● Information supplied:
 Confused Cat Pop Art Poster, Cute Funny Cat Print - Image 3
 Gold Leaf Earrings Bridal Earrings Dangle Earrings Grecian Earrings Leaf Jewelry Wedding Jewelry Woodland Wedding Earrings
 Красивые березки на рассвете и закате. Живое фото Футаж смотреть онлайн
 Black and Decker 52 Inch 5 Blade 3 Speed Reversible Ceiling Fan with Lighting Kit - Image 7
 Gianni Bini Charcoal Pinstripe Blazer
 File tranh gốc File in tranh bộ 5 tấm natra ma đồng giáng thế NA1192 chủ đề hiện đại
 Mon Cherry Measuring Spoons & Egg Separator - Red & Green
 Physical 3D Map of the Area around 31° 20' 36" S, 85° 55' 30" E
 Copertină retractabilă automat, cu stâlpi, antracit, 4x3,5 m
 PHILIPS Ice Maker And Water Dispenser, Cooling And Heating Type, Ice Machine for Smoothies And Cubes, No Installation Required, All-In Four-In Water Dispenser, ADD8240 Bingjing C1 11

● Activity: Each entry is to be written out exactly as it was given.

● Written answer:
 Confused Cat Pop Art Poster, Cute Funny Cat Print - Image 3
 Gold Leaf Earrings Bridal Earrings Dangle Earrings Grecian Earrings Leaf Jewelry Wedding Jewelry Woodland Wedding Earrings
 Красивые березки на рассвете и закате. Живое фото Футаж смотреть онлайн
 Black and Decker 52 Inch 5 Blade 3 Speed Reversible Ceiling Fan with Lighting Kit - Image 7
 Gianni Bini Charcoal Pinstripe Blazer
 File tranh gốc File in tranh bộ 5 tấm natra ma đồng giáng thế NA1192 chủ đề hiện đại
 Mon Cherry Measuring Spoons & Egg Separator - Red & Green
 Physical 3D Map of the Area around 31° 20' 36" S, 85° 55' 30" E
 Copertină retractabilă automat, cu stâlpi, antracit, 4x3,5 m
 PHILIPS Ice Maker And Water Dispenser, Cooling And Heating Type, Ice Machine for Smoothies And Cubes, No Installation Required, All-In Four-In Water Dispenser, ADD8240 Bingjing C1 11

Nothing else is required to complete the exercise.